An expert in financial markets expected gold prices to rise to 1700 in 2020.


According to ArabiaNet, Amr Abdo, the founding partner of the American Market Trader Academy for Financial Market Studies, said that this was due to the entry of very large liquidity that saw other safe havens as the advantage of gold, but that faded.


There are 3 factors that support the rise of gold prices, and one of these advantages is the variables in interest between gold and bonds. There are between 14 to 16 trillion dollars of bonds giving negative returns. This liquidity finds that the risk of owning these bonds is not due and therefore part of this liquidity belongs to gold. On the other hand, geopolitical factors lead many central banks to continue to buy gold in very large quantities. In addition, many investors entered to invest in gold.

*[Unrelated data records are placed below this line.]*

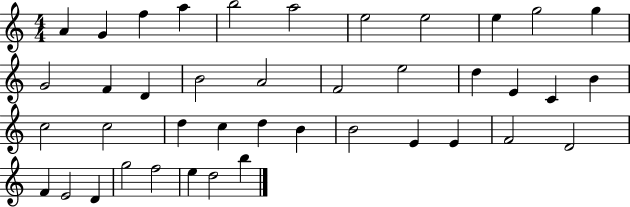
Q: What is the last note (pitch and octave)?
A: B5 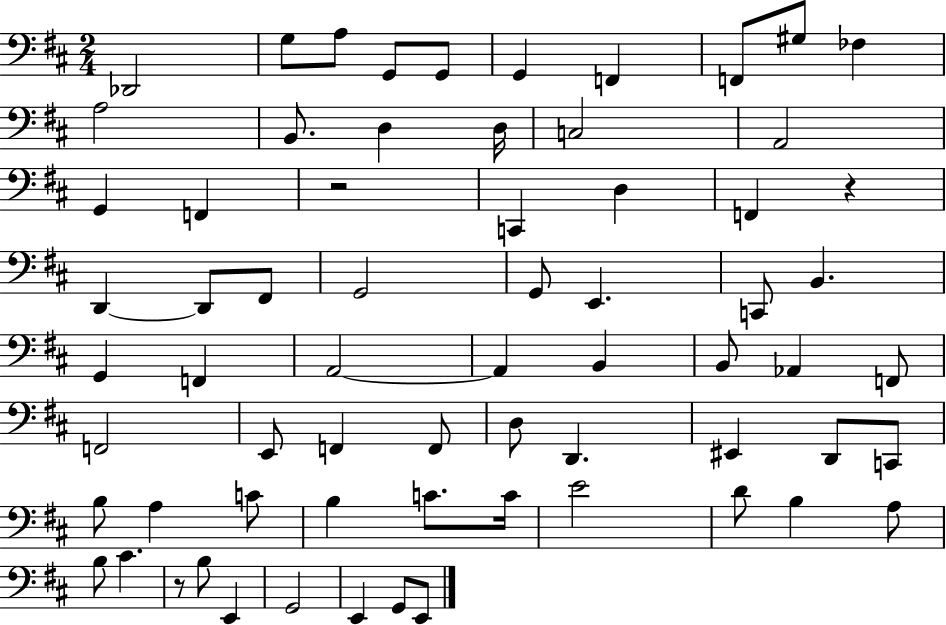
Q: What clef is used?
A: bass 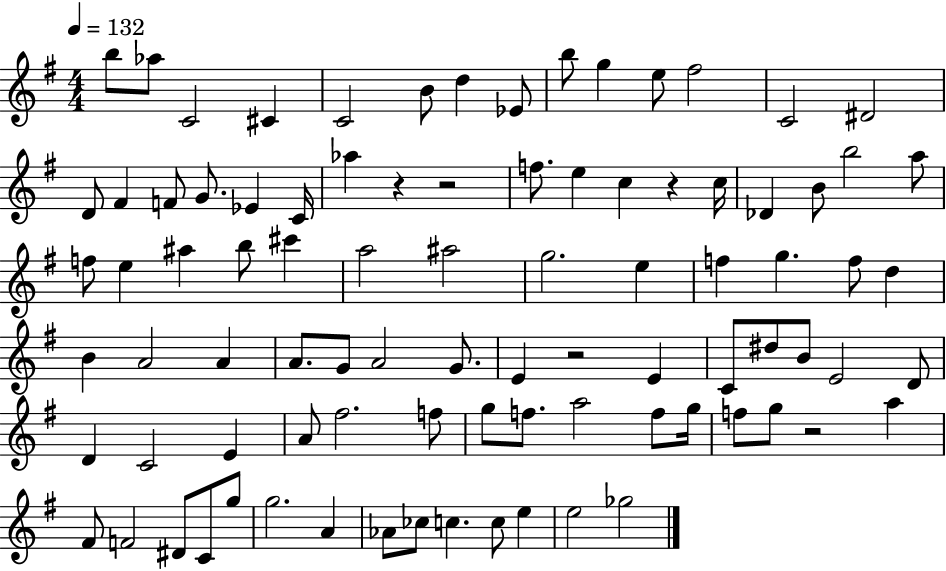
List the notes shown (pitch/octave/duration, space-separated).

B5/e Ab5/e C4/h C#4/q C4/h B4/e D5/q Eb4/e B5/e G5/q E5/e F#5/h C4/h D#4/h D4/e F#4/q F4/e G4/e. Eb4/q C4/s Ab5/q R/q R/h F5/e. E5/q C5/q R/q C5/s Db4/q B4/e B5/h A5/e F5/e E5/q A#5/q B5/e C#6/q A5/h A#5/h G5/h. E5/q F5/q G5/q. F5/e D5/q B4/q A4/h A4/q A4/e. G4/e A4/h G4/e. E4/q R/h E4/q C4/e D#5/e B4/e E4/h D4/e D4/q C4/h E4/q A4/e F#5/h. F5/e G5/e F5/e. A5/h F5/e G5/s F5/e G5/e R/h A5/q F#4/e F4/h D#4/e C4/e G5/e G5/h. A4/q Ab4/e CES5/e C5/q. C5/e E5/q E5/h Gb5/h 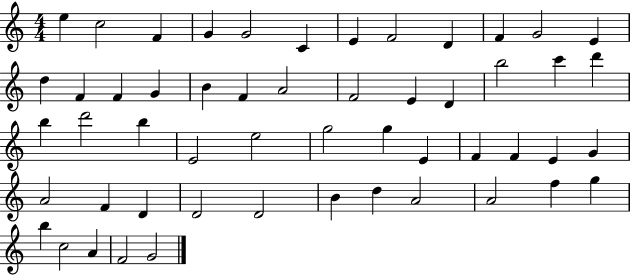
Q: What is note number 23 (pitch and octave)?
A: B5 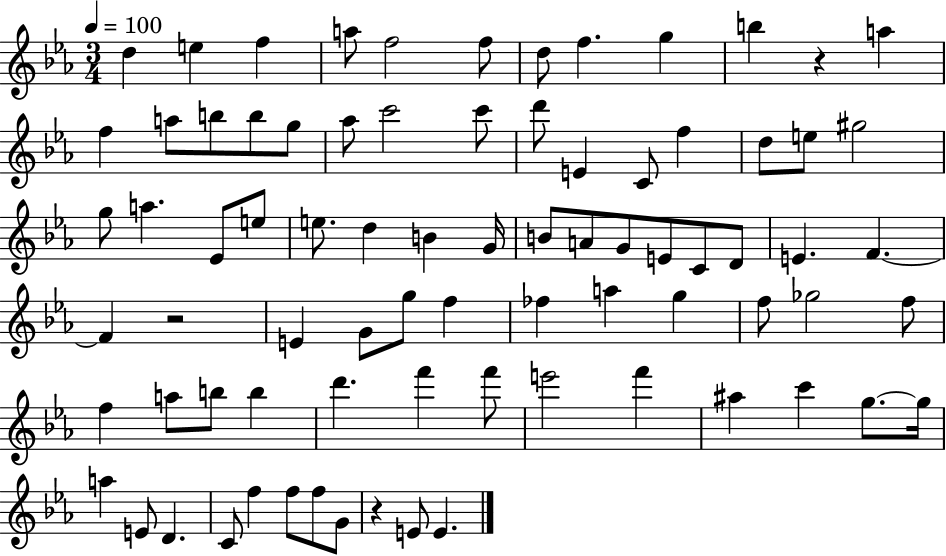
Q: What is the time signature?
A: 3/4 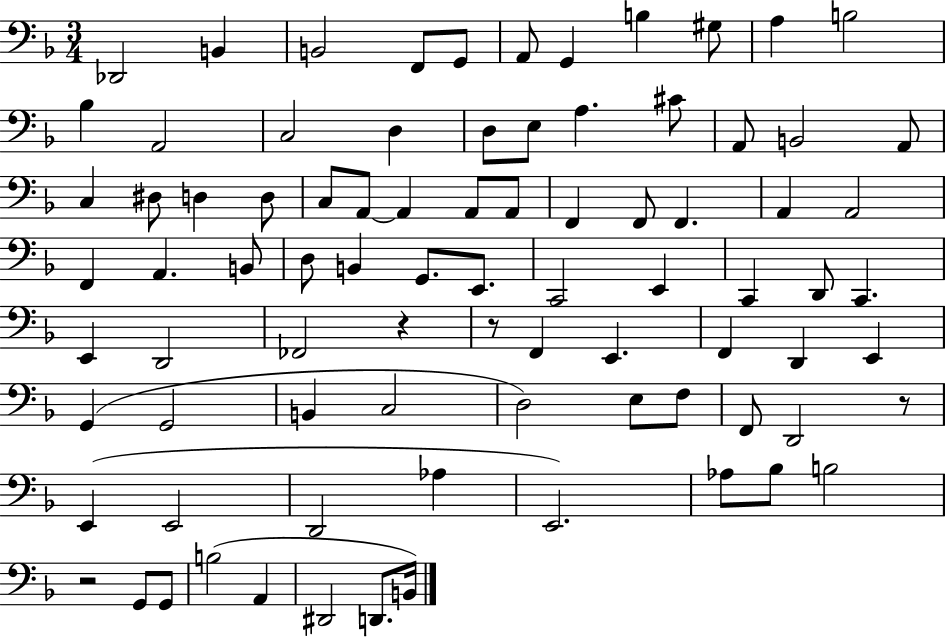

Elia Spivac, the Daily Fix's currency market analyst, said the downturn seemed mostly to a correction because ... not only is the gold that we see falling somewhat in terms of risk aversion dynamics, but across diverse assets.


Gold prices fell on Thursday after China revealed measures to reduce the economic impact of the outbreak of the Corona virus, but the metal remained near its highest level in nearly seven years, which was recorded in the previous session with continued concerns about the disease.


At 07:49 GMT, the spot price of gold was down 0.3% to $ 1606.62 an ounce. And US gold futures fell 0.1% to $ 1609.60.


In other precious metals, palladium, which has a shortfall in supply, fell 0.9% to $ 2688.40 an ounce, after touching a record peak of $ 2841.54 in the previous session.


Silver fell 0.5 percent to 18.30 dollars, but hovered near its highest level in more than a month recorded on Wednesday. And Platinum fell 1.2% to $ 993.40 an ounce.